# Dogs and Rabbits and Gerbils (oh my!)



## RosieRedfoot (Oct 29, 2012)

I decided to *attempt* to take some pictures of my other pets that make up my signature, so without further blabbing, here they are!

Dante, my 5 year old male lab






Prince, the 6 year old male lab (OCD about fetching)





The rabbits, Layla (spotted brown and white "lop" eared and Mumford, the fluffy grey one). They were too spazzy at the thought of food to stay still enough!





Fooooood?!?!





Gerbie 1.. He was a "save" from the pet store.. He'd been returned, the others they threw him in with attacked him, so I bought him for $3 to save him from dying or being bought for nefarious reasons. He currently is alone but awaiting a buddy from a local breeder's next litter.
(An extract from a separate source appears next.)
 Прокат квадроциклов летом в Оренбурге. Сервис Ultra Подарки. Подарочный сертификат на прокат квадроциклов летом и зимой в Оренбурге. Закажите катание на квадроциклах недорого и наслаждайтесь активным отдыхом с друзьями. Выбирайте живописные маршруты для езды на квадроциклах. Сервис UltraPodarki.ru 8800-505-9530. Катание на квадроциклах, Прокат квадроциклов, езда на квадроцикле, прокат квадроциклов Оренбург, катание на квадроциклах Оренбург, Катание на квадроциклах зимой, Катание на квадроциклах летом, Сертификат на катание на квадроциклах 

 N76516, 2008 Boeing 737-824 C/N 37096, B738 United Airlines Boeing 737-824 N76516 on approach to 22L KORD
One of the black boys (there are two black brothers named Fred and George, then the siamese brother). I apologize in advance for blurred pictures... anyone that knows gerbils and camera phones know that they don't make for crisp pictures 





Siamese boy "Percy" eating an apple chip





Siamese boy (again)





Other black boy (can't tell the 2 apart!)





That's all, other than Rosie the tort!


----------



## RosieRedfoot (Nov 2, 2012)

Well, all but the orange gerbil have passed due to a mite infestation that was underlying and blossomed in a 24 hour period, causing anemia and hypothermia which lead to their deaths... I feel bad about it  Treating the remaining gerbil and preventatively treating the rabbits. 

RIP Gerbies


----------



## jaizei (Nov 2, 2012)




----------



## TuRtLE1924 (Nov 2, 2012)

You have a beautiful family! I am so sorry for your loss and hope the rest will be okay


----------



## RosieRedfoot (Nov 5, 2012)

So far all others are fine and show no signs of parasites or illness. My boyfriend said I can have replacement gerbies (plus the one left will be alone by himself and might possibly get depressed) and the breeder I know will have some boy babies available in about a month-ish when the worry of re-infestation is over. 

I may also be getting a pair of baby boy rats (as a belated birthday present) in late Nov/early Dec since I've been missing having rats for quite some time and finally located a good breeder who has my dream color... 

I used to rescue and breed gerbils, so sadly I've become used to losing them after only a few short years, I just hate it when they pass sooner than they're supposed to or because of a potentially preventable thing..


----------